From class field trips to impromptu excursions on a cold or rainy day, this cultural destination offers wonderful refuge for visitors of all ages. Learn, watch, create and interact with these five things we love at the Museum of Science

The Planetarium

Fully reclined seats provide viewers with a relaxing vantage point to watch programs on the completely dark Planetarium’s dome screen ceiling, which screens laser shows choreographed to Dark Side of the Moon, Neil DeGrasse Tyson narrated presentations on stars and plenty more.

Piano Stairs

A fan favorite, the Piano Stairs at the Museum of Science add a little bit of fun to the graduation from the building’s first floor to its second. The twenty-five year old sound installation by Christopher Janney sounds the ding of a key, toot of a flute or call of various other instruments, while lighting up every step someone takes on the staircase.

Gift Shop

The Museum of Science Gift Shop might just be the best in the city. It carries cool, science-inspired toys like water dancing speakers and hoberman sphere rings. Adults can have fun here too by picking up a periodic table bow tie or a quirky book like The Book of General Ignorance.

Thrill Ride 360

Virtual reality at its finest, Thrill Ride 360 can take you and your kids on a fantastical roller coaster with 100+ foot drops or a scenic airplane ride over the city of Boston.
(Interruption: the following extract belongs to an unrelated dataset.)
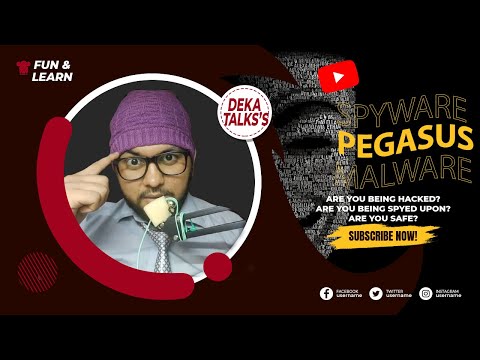 Pegasus | Are you being hacked or spied upon?  | Deka Talk's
With full-motion roll and spin technology, surround sound and 3D imaging, this is about as real as fake gets.

Butterfly Garden

Does it get more lovely than surrounding yourself with intricately colorful butterflies flapping their wings all around you? Take in this lovely garden with exotic plants and sweeping views of the Charles River with your family when visiting the Museum of Science in Boston.

The Lightning Show

It’s the world’s largest air-insulated Van de Graaff generator, but to us, it’s a big lightning machine. Watch as a scientist inside a little cage miraculously makes (and gets struck) by lightning right before your eyes to demonstrate the immense power of electricity.